Sin embargo, el gran historiador y antropólogo mexicano Miguel León-Portilla aseguraba que “si un mexicano odia lo español, se odia a sí mismo. Lamentablemente, este es un fenómeno que se da con frecuencia. Rechazar el origen de la lengua y la cultura en la que se reconoce, y de la que se enorgullece, una mayoría de mexicanos genera un conflicto de carácter emocional al que difícilmente se le puede dar una respuesta intelectual.

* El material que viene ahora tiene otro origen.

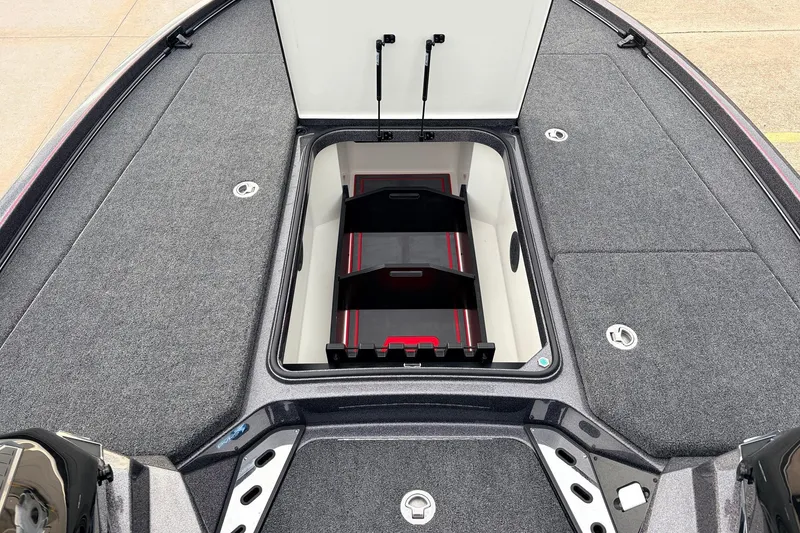 Slide: The Image of 2025 Ranger Z521R Cup-Equipped boat with open storage compartment. - 19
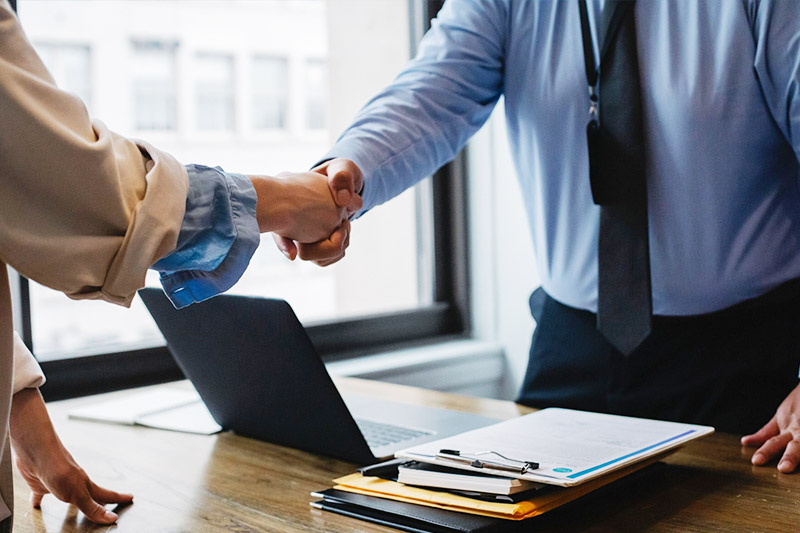Find the right small business lawyer seattle (Avoid common mistakes when hiring legal counsel for your company)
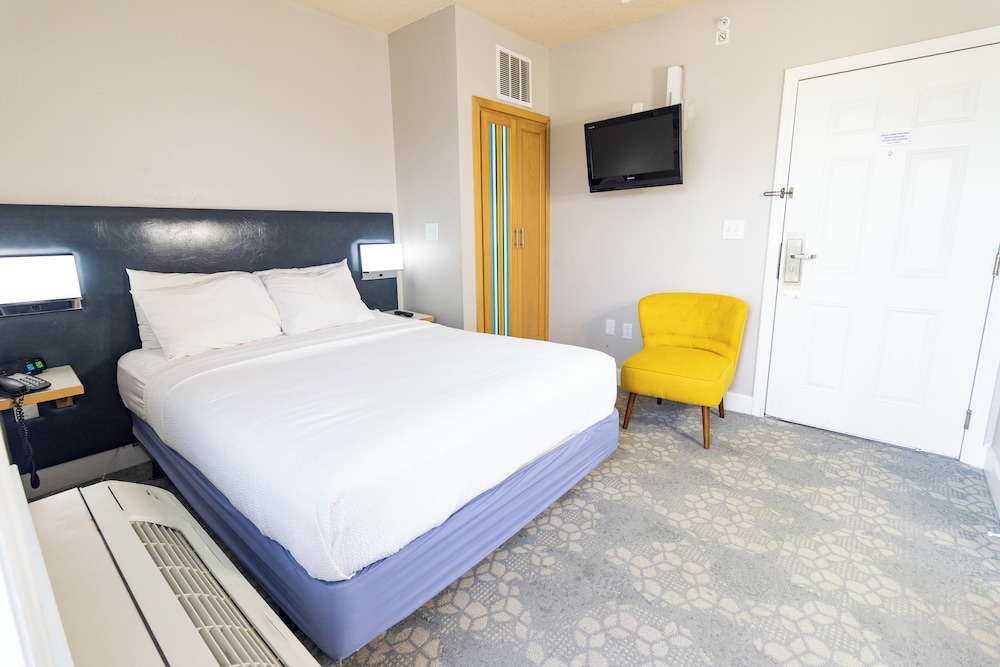 Seaside Amelia Inn 30/64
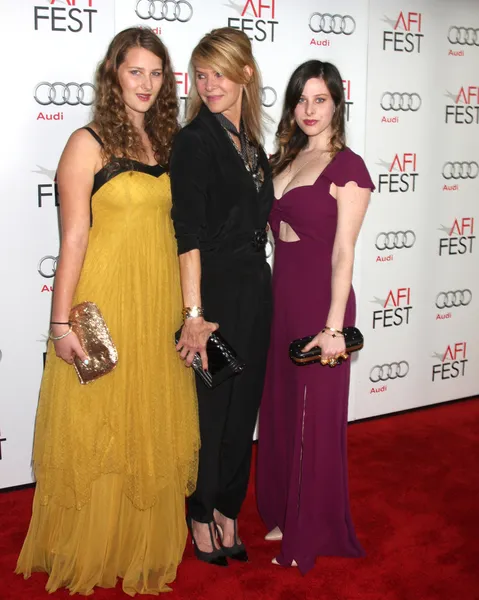 Destry Allyn Spielberg, Kate Capshaw, Sasha Spielberg — Stock Photo, Image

Por suerte, en México ha habido historiadores que han reivindicado a Hernán Cortés como el padre fundador de México, desde Carlos Pereyra a Juan Miralles, quién catalogó al extremeño como inventor de México en su gran biografía de 2001. Pero sigue costando reconocer que, sin el extremeño, México no sería tal y como lo conocemos. Sin su figura, no se entiende la consolidación de la Nueva España como una sociedad mestiza, arraigada en el mundo material de la gastronomía y el folklore indígena, pero proyectada por la lengua, la religión y las instituciones traídas de España. Esta interacción compleja, a veces violenta pero siempre creadora, se dio desde el momento mismo de la conquista. No sin razón, el historiador coahuilense Carlos Pereyra, en Hernán Cortés y la epopeya de Anáhuac (1906), decía con ironía que los indígenas hicieron la conquista y los españoles la independencia. En efecto, sin los miles de indígenas deseosos de sacudirse el oneroso tributo de sangre que les imponían los mexicas, un puñado de españoles jamás hubiera podido conquistar el mayor imperio americano de su época. No hay más que leer las sensaciones experimentadas por los españoles al entrar en Tenochtitlán que recordó Bernal Díaz del Castillo en Historia verdadera de la conquista de la Nueva España (1575), para darse cuenta de la debilidad de los conquistadores al adentrarse en el corazón del imperio mexica. Sin los aliados indígenas, la conquista hubiera sido imposible.

Por todo ello, renegar de Hernán Cortés y de España en México es un inútil acto de rebeldía histórica, tan absurdo como sería renegar de la herencia de Roma en España. No olvidemos, por cierto, que los romanos conquistaron a sangre y fuego la Península Ibérica, costándoles dos siglos dominarla por completo. La política cultural de ambos países demuestra un muy bajo tono intelectual al no conmemorar la llegada de Cortés a México. Profundos complejos nacionales y culturales se encuentran en el fondo de la cuestión. Y, sin embargo, proyectos editoriales en España y en México nos invitan a la esperanza, al ofrecer una visión desacomplejada de la apasionante historia común que nos une a ambos pueblos.

En España pueden preferir olvidarle, y en México le pueden seguir teniendo arrinconado, casi escondido, en una humilde tumba de la iglesia del Jesús Nazareno de la Ciudad de México que él conquistó, pero españoles y mexicanos necesitamos a Hernán Cortés para entender lo que somos.